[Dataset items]
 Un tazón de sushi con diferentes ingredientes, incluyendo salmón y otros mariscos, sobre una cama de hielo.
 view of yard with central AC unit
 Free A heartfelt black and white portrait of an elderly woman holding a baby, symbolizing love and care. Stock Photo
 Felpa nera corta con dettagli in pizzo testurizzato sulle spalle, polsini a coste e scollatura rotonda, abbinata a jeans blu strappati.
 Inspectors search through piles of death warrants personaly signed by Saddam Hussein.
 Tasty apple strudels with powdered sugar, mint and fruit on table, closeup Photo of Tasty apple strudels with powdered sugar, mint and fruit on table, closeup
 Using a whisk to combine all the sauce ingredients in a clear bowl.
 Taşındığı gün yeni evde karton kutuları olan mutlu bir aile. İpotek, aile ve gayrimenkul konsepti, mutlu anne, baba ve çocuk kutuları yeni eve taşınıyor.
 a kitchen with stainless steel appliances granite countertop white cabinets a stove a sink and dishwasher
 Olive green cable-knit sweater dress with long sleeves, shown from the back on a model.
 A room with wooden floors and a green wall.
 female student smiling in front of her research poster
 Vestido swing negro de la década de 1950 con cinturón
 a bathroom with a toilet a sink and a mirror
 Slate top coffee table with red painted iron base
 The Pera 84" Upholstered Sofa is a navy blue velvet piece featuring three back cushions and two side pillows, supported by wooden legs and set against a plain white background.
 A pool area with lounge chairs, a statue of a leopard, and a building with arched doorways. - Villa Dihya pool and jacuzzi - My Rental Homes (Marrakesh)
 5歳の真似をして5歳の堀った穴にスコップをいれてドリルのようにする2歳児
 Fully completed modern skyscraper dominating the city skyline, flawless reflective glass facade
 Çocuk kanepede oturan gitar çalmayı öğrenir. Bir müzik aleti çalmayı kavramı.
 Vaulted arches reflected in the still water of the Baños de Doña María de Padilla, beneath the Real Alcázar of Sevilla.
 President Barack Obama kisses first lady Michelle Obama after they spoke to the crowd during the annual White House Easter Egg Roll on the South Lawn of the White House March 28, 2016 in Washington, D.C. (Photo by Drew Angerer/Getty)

- [WHAT YOU ARE ASKED TO DO]: The expected output is an exact copy of all the records above.

- [REPLY TO THE EXERCISE]:
 Un tazón de sushi con diferentes ingredientes, incluyendo salmón y otros mariscos, sobre una cama de hielo.
 view of yard with central AC unit
 Free A heartfelt black and white portrait of an elderly woman holding a baby, symbolizing love and care. Stock Photo
 Felpa nera corta con dettagli in pizzo testurizzato sulle spalle, polsini a coste e scollatura rotonda, abbinata a jeans blu strappati.
 Inspectors search through piles of death warrants personaly signed by Saddam Hussein.
 Tasty apple strudels with powdered sugar, mint and fruit on table, closeup Photo of Tasty apple strudels with powdered sugar, mint and fruit on table, closeup
 Using a whisk to combine all the sauce ingredients in a clear bowl.
 Taşındığı gün yeni evde karton kutuları olan mutlu bir aile. İpotek, aile ve gayrimenkul konsepti, mutlu anne, baba ve çocuk kutuları yeni eve taşınıyor.
 a kitchen with stainless steel appliances granite countertop white cabinets a stove a sink and dishwasher
 Olive green cable-knit sweater dress with long sleeves, shown from the back on a model.
 A room with wooden floors and a green wall.
 female student smiling in front of her research poster
 Vestido swing negro de la década de 1950 con cinturón
 a bathroom with a toilet a sink and a mirror
 Slate top coffee table with red painted iron base
 The Pera 84" Upholstered Sofa is a navy blue velvet piece featuring three back cushions and two side pillows, supported by wooden legs and set against a plain white background.
 A pool area with lounge chairs, a statue of a leopard, and a building with arched doorways. - Villa Dihya pool and jacuzzi - My Rental Homes (Marrakesh)
 5歳の真似をして5歳の堀った穴にスコップをいれてドリルのようにする2歳児
 Fully completed modern skyscraper dominating the city skyline, flawless reflective glass facade
 Çocuk kanepede oturan gitar çalmayı öğrenir. Bir müzik aleti çalmayı kavramı.
 Vaulted arches reflected in the still water of the Baños de Doña María de Padilla, beneath the Real Alcázar of Sevilla.
 President Barack Obama kisses first lady Michelle Obama after they spoke to the crowd during the annual White House Easter Egg Roll on the South Lawn of the White House March 28, 2016 in Washington, D.C. (Photo by Drew Angerer/Getty)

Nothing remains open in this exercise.